Tunbridge Wells Museum & Art Gallery - October 2015

Remembering slavery in Tunbridge Wells' collection

Slave conveyance letter

October's Object of the Month comes from the museum’s Collection Development Manger, Liz Douglas. This legal document from the archives records the sale of plantation land in Trinidad along with 52 enslaved people in 1815. Listing one-year-old babies through to a 46-year-old field hand, this document exposes the human cost of slavery and a local story of slave ownership. In British law, slaves were considered property, like machinery or cattle that could be treated as their owners wished. As growing sugar was highly labour intensive, slaves were forcibly brought to work on plantations in the Caribbean to increase profits.

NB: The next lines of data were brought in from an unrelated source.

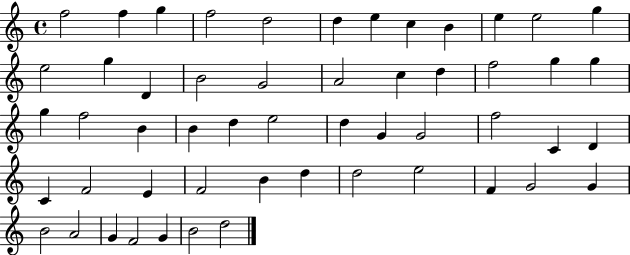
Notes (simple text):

F5/h F5/q G5/q F5/h D5/h D5/q E5/q C5/q B4/q E5/q E5/h G5/q E5/h G5/q D4/q B4/h G4/h A4/h C5/q D5/q F5/h G5/q G5/q G5/q F5/h B4/q B4/q D5/q E5/h D5/q G4/q G4/h F5/h C4/q D4/q C4/q F4/h E4/q F4/h B4/q D5/q D5/h E5/h F4/q G4/h G4/q B4/h A4/h G4/q F4/h G4/q B4/h D5/h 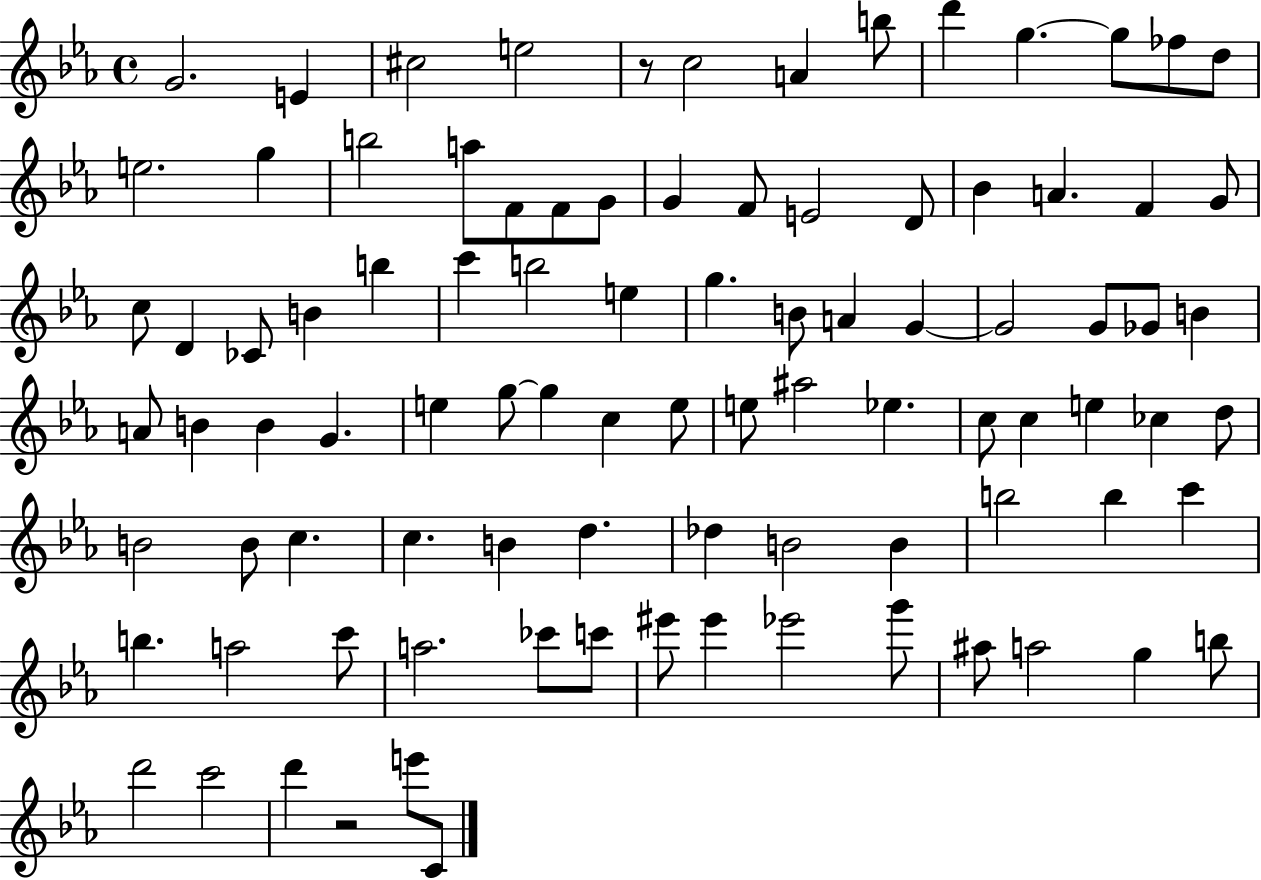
G4/h. E4/q C#5/h E5/h R/e C5/h A4/q B5/e D6/q G5/q. G5/e FES5/e D5/e E5/h. G5/q B5/h A5/e F4/e F4/e G4/e G4/q F4/e E4/h D4/e Bb4/q A4/q. F4/q G4/e C5/e D4/q CES4/e B4/q B5/q C6/q B5/h E5/q G5/q. B4/e A4/q G4/q G4/h G4/e Gb4/e B4/q A4/e B4/q B4/q G4/q. E5/q G5/e G5/q C5/q E5/e E5/e A#5/h Eb5/q. C5/e C5/q E5/q CES5/q D5/e B4/h B4/e C5/q. C5/q. B4/q D5/q. Db5/q B4/h B4/q B5/h B5/q C6/q B5/q. A5/h C6/e A5/h. CES6/e C6/e EIS6/e EIS6/q Eb6/h G6/e A#5/e A5/h G5/q B5/e D6/h C6/h D6/q R/h E6/e C4/e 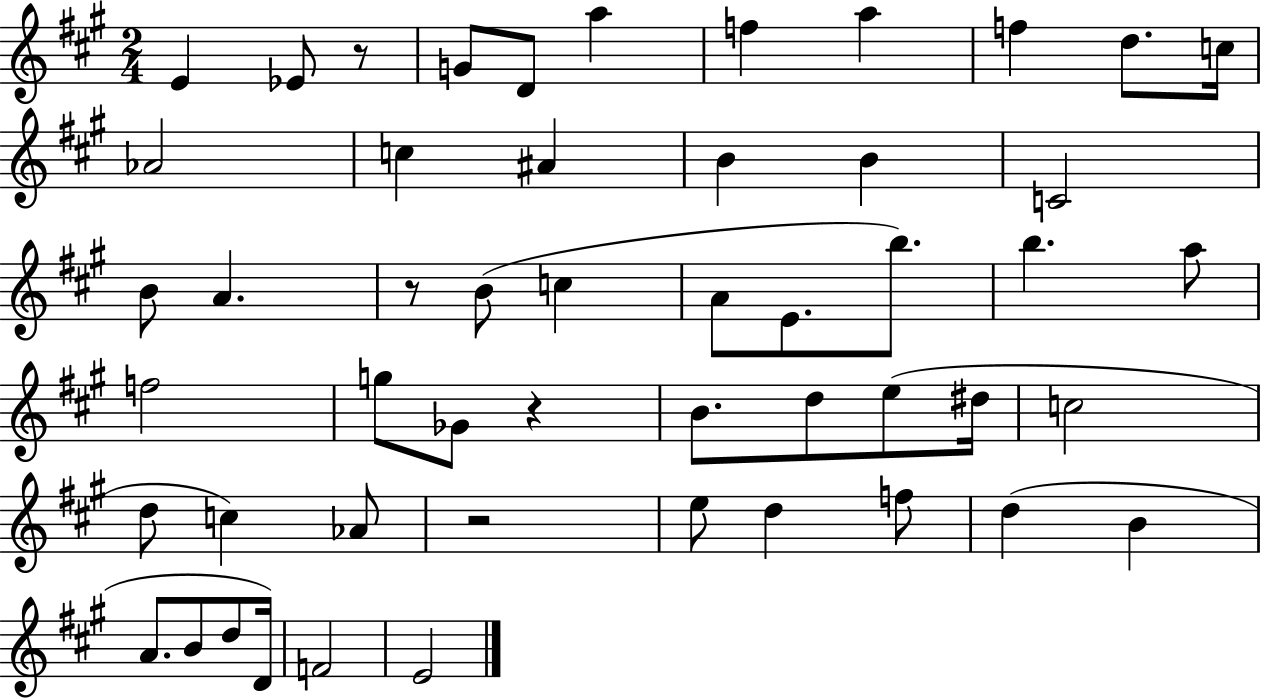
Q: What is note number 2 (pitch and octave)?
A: Eb4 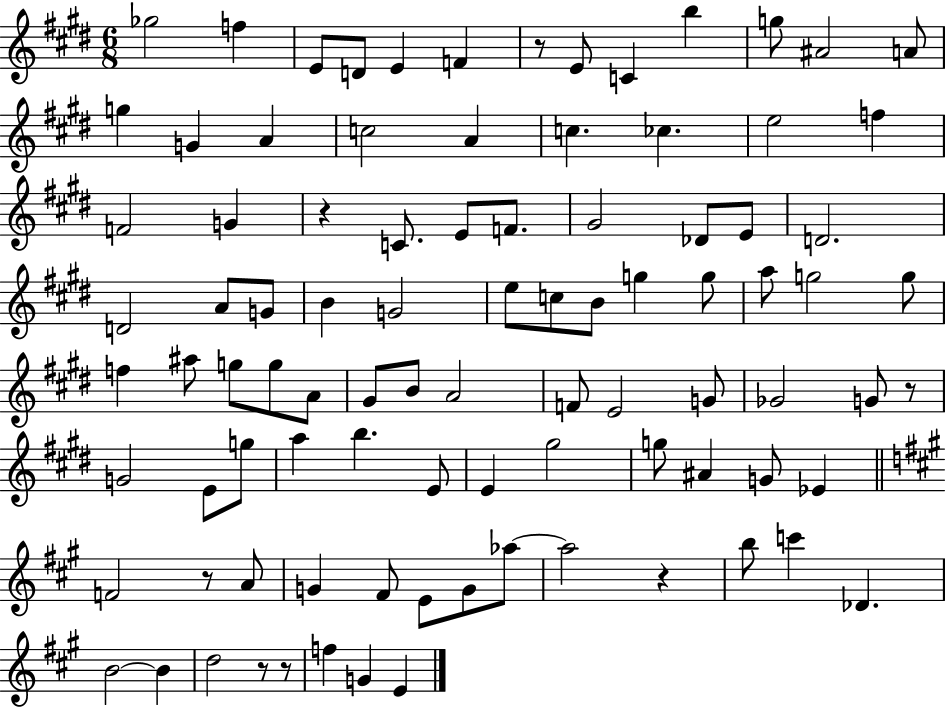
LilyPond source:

{
  \clef treble
  \numericTimeSignature
  \time 6/8
  \key e \major
  ges''2 f''4 | e'8 d'8 e'4 f'4 | r8 e'8 c'4 b''4 | g''8 ais'2 a'8 | \break g''4 g'4 a'4 | c''2 a'4 | c''4. ces''4. | e''2 f''4 | \break f'2 g'4 | r4 c'8. e'8 f'8. | gis'2 des'8 e'8 | d'2. | \break d'2 a'8 g'8 | b'4 g'2 | e''8 c''8 b'8 g''4 g''8 | a''8 g''2 g''8 | \break f''4 ais''8 g''8 g''8 a'8 | gis'8 b'8 a'2 | f'8 e'2 g'8 | ges'2 g'8 r8 | \break g'2 e'8 g''8 | a''4 b''4. e'8 | e'4 gis''2 | g''8 ais'4 g'8 ees'4 | \break \bar "||" \break \key a \major f'2 r8 a'8 | g'4 fis'8 e'8 g'8 aes''8~~ | aes''2 r4 | b''8 c'''4 des'4. | \break b'2~~ b'4 | d''2 r8 r8 | f''4 g'4 e'4 | \bar "|."
}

William Lushington and his son, of London and latterly of Tunbridge Wells, established a thriving West India merchant firm in the late 1700s, which relied upon the bank of his brother Sir Stephen Lushington (Boldero & Lushington) for capital investment and loans. After Sir Stephen's death the bank fell into trouble and collapsed in 1812. This meant that Boldero & Lushington's receivers, as named in these legal documents, started to call in William's debts, with this plantation in Trinidad treated as one of his assets.

On this Trinidadian plantation, the majority of the slaves laboured as field hands, with a few of them working as cook, watchman, foreman, sick nurse and mule boy. Four ‘runaways’ were also recorded. Fugitive slaves remained the legal property of their owners and if caught were subject to violent punishments such as whipping, branding, or death.  Even the ‘future progeny’ of slave women, that is their children, were treated as a lucrative financial asset. Within this document, this ‘asset’ is squabbled over by the Lushingtons and the bank’s receivers.

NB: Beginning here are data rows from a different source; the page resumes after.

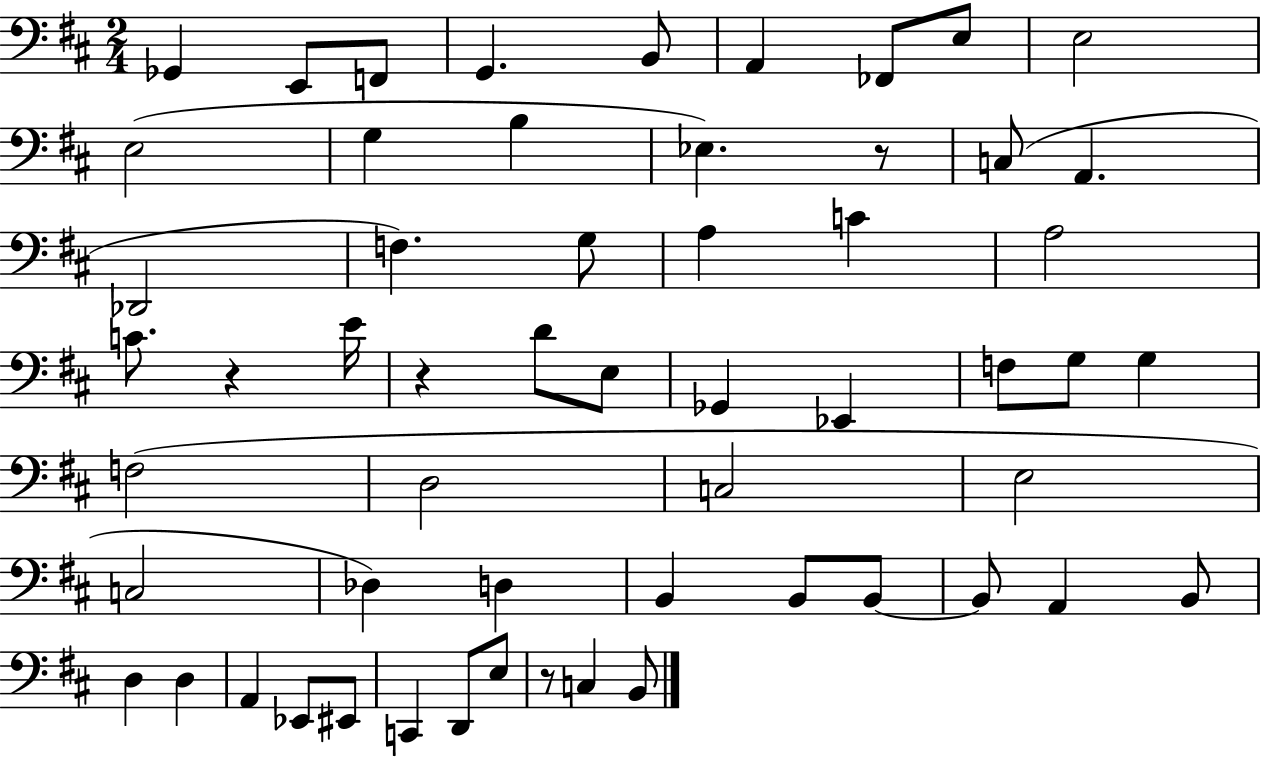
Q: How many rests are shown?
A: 4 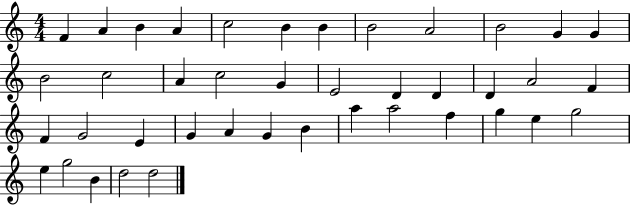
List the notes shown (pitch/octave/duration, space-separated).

F4/q A4/q B4/q A4/q C5/h B4/q B4/q B4/h A4/h B4/h G4/q G4/q B4/h C5/h A4/q C5/h G4/q E4/h D4/q D4/q D4/q A4/h F4/q F4/q G4/h E4/q G4/q A4/q G4/q B4/q A5/q A5/h F5/q G5/q E5/q G5/h E5/q G5/h B4/q D5/h D5/h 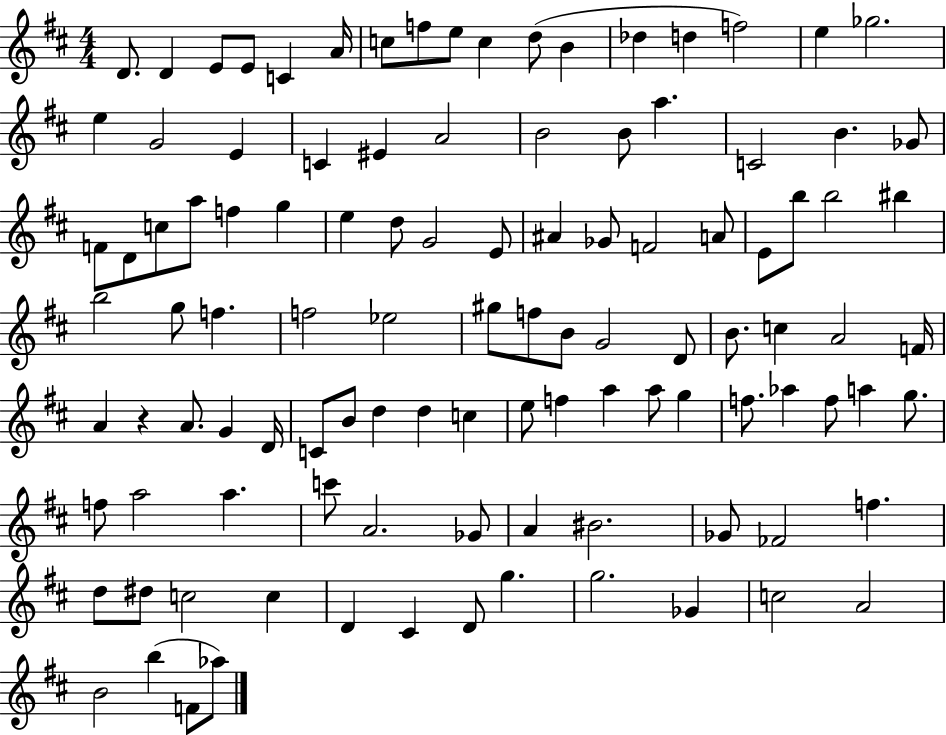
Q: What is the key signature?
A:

So little is known about the lives of slaves, with documents such as these only offering rare glimpses of their names, ages and occupations. Perhaps some of these enslaved people survived the high mortality rates to see abolition in 1834. Yet, with abolition, it was the slave-owners who were awarded compensation by the British government. Between 1835-1836 the daughters of William Lushington – Charlotte and Augusta of Tunbridge Wells – claimed over £7000 (equivalent to about £350,000 today) in reparation for the freeing of their 218 slaves in Grenada and Trinidad. Liz says: I chose this document as my Object of the Month to remember the extensive legacy of British slave-ownership as well as the lives that it devastated.